UDL2 #2081

arg0d · 2024-04-25T10:07:29Z

The current UDL syntax is awkward in some cases, and the UDL parser is straight up hostile towards the user. The goal of this post isn't to provide a final proposal, but rather to concentrate discussions about the following problems in a single issue, and possibly refine some kind of action plan.

While the current UDL syntax itself is rather straight forward, it's quite foreign when considering that UDL goes hand in hand with writing Rust code. I propose to overhaul the UDL syntax completely, in order to bring it more inline to Rust syntax and make it feel more native.

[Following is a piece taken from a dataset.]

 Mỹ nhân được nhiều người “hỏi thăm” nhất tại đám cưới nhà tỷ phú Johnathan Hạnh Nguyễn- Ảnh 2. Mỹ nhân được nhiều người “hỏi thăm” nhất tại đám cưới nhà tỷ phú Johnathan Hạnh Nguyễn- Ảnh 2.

rename certain types/keywords to match Rust, e.g.
- dictionary -> struct
- string -> String
- sequence<> -> Vec<>
- record<> -> HashMap<>
- T? -> Option<>
- etc..
invert variable name and type order, i.e. String name -> name: String
invert function/method return type declaration, i.e. String hello_world() -> hello_world() -> String
separate "flat" enums and enums with associated data into distinct types, i.e. enum for "flat" enums, and union for enums with associated data.
etc..

The current implementation of UDL parser does not generate useful error messages, making it hostile towards users, especially new ones. Making basic syntax errors, such as missing semicolons, or misplacing comma, generates unhelpful error messages, leaving the user scratching their head and wasting time and energy to manually figure out what is wrong with the syntax in their UDL. Solving this issue requires a different parser, one that would generate clear and helpful error messages. The use of a different parser could be implemented as a standalone feature, without revamping UDL syntax.

With the proc-macro related changes to enable creation of ComponentInterface while still supporting UDL, I feel like implementing/supporting adjacent implenentation for UDL2 syntax/parser should be quite easy. My current working idea is to use lalrpop to implement a new syntax and parser. From what I've seen, parsers implemented using lalrpop look really lean, and I believe that this would make it trivial to support UDL2. I'm gonna try to find some time to create POC, and come back to this issue with some working code.

Does this sound like something you agree with?

The text was updated successfully, but these errors were encountered:

mhammond · 2024-04-25T13:18:33Z

Let me preface this by saying I'm not a fan of UDL for all the reasons you specify. I constantly fail to get the order of arg names and types correct, fail to remember how to specify a void function, fail to remember exactly what attributes I should use when, grumble very loudly when it tells me there is a syntax error but tells me literally nothing about what the problem is, etc. I'm also speaking only for myself and haven't discussed this opinion with anyone else on the team, so my opinion might not be shared with anyone else.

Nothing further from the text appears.